Binary Extended GCD アルゴリズム
iex> BinaryExtendedGcd.of(48, 18)
{6, 2, -5}
iex> BinaryExtendedGcd.of(17, 13)
{1, -16, 21}
iex> BinaryExtendedGcd.of(0, 5)
{5, 0, 1}
iex> BinaryExtendedGcd.of(12, 0)
{12, 1, 0}
iex> CommonTwos.of(12, 8)
{2, 3, 2}
iex> CommonTwos.of(16, 24)
{3, 2, 3}
iex> CommonTwos.of(7, 11)
{0, 7, 11}
defmodule CommonTwos do
def of(a, b), do: sub({0, a, b})
# Private function that performs the recursive bitwise operations
# to find common factors of 2 between the two numbers
defp sub({shift, a, b}) when Bitwise.bor(a, b) |> Bitwise.band(1) != 0 do
{shift, a, b}
end
defp sub({shift, a, b}), do: sub({shift + 1, Bitwise.bsr(a, 1), Bitwise.bsr(b, 1)})
end
defmodule BinaryExtendedGcd do
def of(a, b)
def of(0, b), do: {b, 0, 1}
def of(a, 0), do: {a, 1, 0}
def of(a, b) do
CommonTwos.of(a, b)
|> reduce()
|> epilogue()
end
defp reduce({shift, a, b}) do
{shift, sub(a, b, a, b, 1, 0, 0, 1)}
end
defp epilogue({shift, {v, cc, dd}}) do
{Bitwise.bsl(v, shift), cc, dd}
end
# Main recursive function for binary extended GCD
# Returns {gcd, x, y} where gcd = ax + by
defp sub(0, v, _a, _b, _aa, _bb, cc, dd), do: {v, cc, dd}
defp sub(u, v, a, b, aa, bb, cc, dd) do
{u, a, b, aa, bb} = sub1(u, a, b, aa, bb)
{v, a, b, cc, dd} = sub2(v, a, b, cc, dd)
{u, v, aa, bb, cc, dd} = sub3(u, v, aa, bb, cc, dd)
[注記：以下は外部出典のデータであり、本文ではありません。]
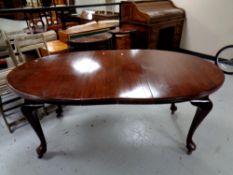 A 19th century mahogany wind-out table fitted with two leaves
sub(u, v, a, b, aa, bb, cc, dd)
end
# Handle odd/even cases for first parameter u
defp sub1(u, a, b, aa, bb) when Bitwise.band(u, 1) != 0 do
{u, a, b, aa, bb}
end
defp sub1(u, a, b, aa, bb), do: sub11(Bitwise.bsr(u, 1), a, b, aa, bb)
# Adjust Bézout coefficients when dividing by 2
defp sub11(u, a, b, aa, bb) when Bitwise.band(aa, 1) == 0 and Bitwise.band(bb, 1) == 0 do
{u, a, b, Bitwise.bsr(aa, 1), Bitwise.bsr(bb, 1)}
end
defp sub11(u, a, b, aa, bb) do
{u, a, b, Bitwise.bsr(aa + b, 1), Bitwise.bsr(bb - a, 1)}
end
# Handle odd/even cases for second parameter v
defp sub2(v, a, b, cc, dd) when Bitwise.band(v, 1) != 0 do
{v, a, b, cc, dd}
end
defp sub2(v, a, b, cc, dd), do: sub11(Bitwise.bsr(v, 1), a, b, cc, dd)
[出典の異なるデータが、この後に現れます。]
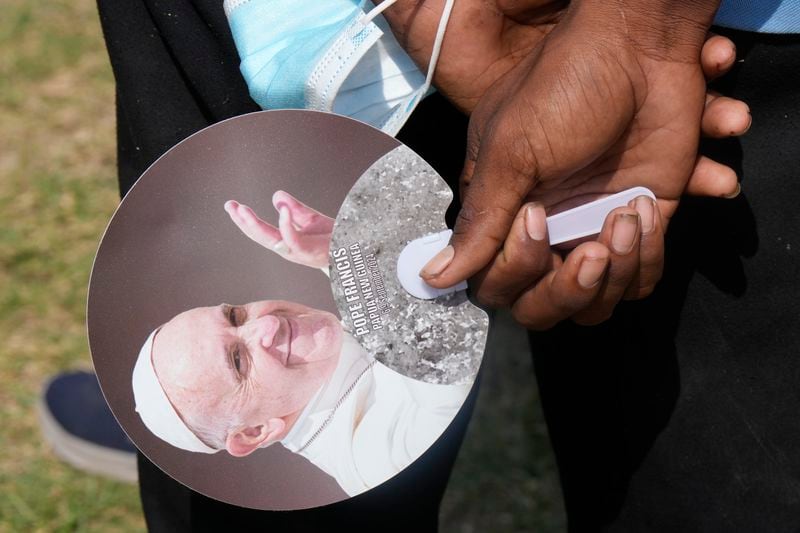 An attendee hold a fan with the Pope's likeness as Pope Francis gives an address during meeting with young people in the Sir John Guise Stadium in Port Moresby, Papua New Guinea, Monday, Sept. 9, 2024. (AP Photo/Mark Baker)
# Compare and subtract based on magnitude
defp sub3(u, v, aa, bb, cc, dd) when u >= v do
{u - v, v, aa - cc, bb - dd, cc, dd}
end
defp sub3(u, v, aa, bb, cc, dd) do
{u, v - u, aa, bb, cc - aa, dd - bb}
end
end